The former member of the European Parliament and international policy director at the Cyber Policy Center, Marietje Schaake, is out with a new book. It's called "The Tech Coup: How to Save Democracy from Silicon Valley." Marietje, thanks so much for being here today.

SCHAAKE: Great to be here.

ABC NEWS: So I think everyone is aware about tech in their daily lives or how it might impact the information that they learn. OK, I get my news from Facebook or YouTube. Democracy is this big, grand thing. So how exactly does Big Tech directly influence democracy at large?

SCHAAKE: Right. So you mentioned social media, but there's also more invisible places in our societies, in our world, where tech companies play an increasingly powerful role in building infrastructure, securing infrastructure, taking key decisions about war and peace, about election outcomes, about whether we can trust information or not, whether people get discriminated against or not.

So they are, there are really companies sitting at critical points in our society, and that is beginning to hurt democracy because the democratically elected and accountable leaders are no longer calling the shots.

ABC NEWS: And one thing that you make a large note of is the fact that a lot of these decisions made by big tech companies have been made with not a lot of regulation behind them, that they've kind of been unchecked. And those decisions then have a massive impact. I mean, how big of a role is that lack of regulation?

SCHAAKE: It's a, it's a big role because these companies are basically taking the space that they've been given. Leaders from the Democratic Party and the Republican Party in the United States have trusted that just leaving these companies to their own devices would lead to the best results. And we now see that that's not true. That there are real harms for real people, and we need to stop that.

ABC NEWS: I know that beyond just your background in government serving in the European Parliament, you talk to a lot of different people for the book, human rights activists, people that work in Silicon Valley, policy makers as well. What were some of those big takeaways or anything that surprised you from these conversations?

SCHAAKE: Well, just where in many, many different places this plays a role. We see parents that are very worried about their kids spending too much time online and not knowing what's really happening there. But it also plays a role in questions of human rights defense, you know activists around the world that are trying to fight the powers that be, but that are subject to being hacked, for example, with commercial spyware, their phones being taken over, their pictures being taken out, their context being read.

And so it's close to home, far away from home, but systematically a problem for human rights, democracy when it comes to the growing role that tech companies now play, who are, of course, in it for the profits. We shouldn't be surprised about that. But society needs something different. The public interest needs careful balancing between different interests. And we just see that those interests -- between what Silicon Valley needs and what we as people need -- are clashing.

ABC NEWS: How do we keep that in check?

SCHAAKE: Well, there's elections in this country in November, so hopefully there will be room for a more ambitious policy agenda when it comes to reining in the outsize power of tech companies. But it's also about investments and about governments that are huge purchasers of software.

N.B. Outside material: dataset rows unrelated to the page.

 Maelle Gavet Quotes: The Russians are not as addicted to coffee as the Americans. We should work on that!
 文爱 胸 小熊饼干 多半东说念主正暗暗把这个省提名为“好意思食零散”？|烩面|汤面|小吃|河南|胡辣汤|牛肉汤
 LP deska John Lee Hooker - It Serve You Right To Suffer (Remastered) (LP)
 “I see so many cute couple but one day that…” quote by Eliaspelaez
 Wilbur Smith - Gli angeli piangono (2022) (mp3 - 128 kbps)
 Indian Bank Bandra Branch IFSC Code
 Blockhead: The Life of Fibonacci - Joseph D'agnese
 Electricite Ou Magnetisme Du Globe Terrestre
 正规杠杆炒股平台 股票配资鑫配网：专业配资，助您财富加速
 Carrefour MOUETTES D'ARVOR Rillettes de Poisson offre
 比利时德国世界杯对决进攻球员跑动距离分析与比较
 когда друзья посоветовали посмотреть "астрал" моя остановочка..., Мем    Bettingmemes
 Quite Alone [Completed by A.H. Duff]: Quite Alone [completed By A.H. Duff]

Using that as leverage toward greater transparency, greater cybersecurity, more public values that can be baked into the contracts that they already have for hundreds of millions of dollars.

ABC NEWS: What about on a small scale, individual level, the parents that are concerned about their children? Is there anything that they can do on a daily basis to maybe keep Big Tech at an arm's length or at least to regulate it in their own lives?

SCHAAKE: Sure, they can remove the mobile phones from the hands of their children or create more settings that are privacy friendly and that really allow for the choices that you can make to refrain from all the data being scooped up, for example, or prevent the targeting of very young children with ads. That's something that people have in their own hands.

But ultimately, us as individual internet users are just not powerful enough to stand up to these multibillion-dollar companies. We need larger scale interventions through policy, different investments and different kind of procurement by the government.

ABC NEWS: Right. Those large scale changes in the interim invoke the democracy of your own house with your own children . . .

SCHAAKE: That's right.

ABC NEWS: . . . in deciding to make those changes. The book is called "The Tech Coup: How to Save Democracy from Silicon Valley." Marietje Schaake, thank you so much for being here.

SCHAAKE: You're welcome.

ABC NEWS: You can find that book and purchase it wherever books are sold.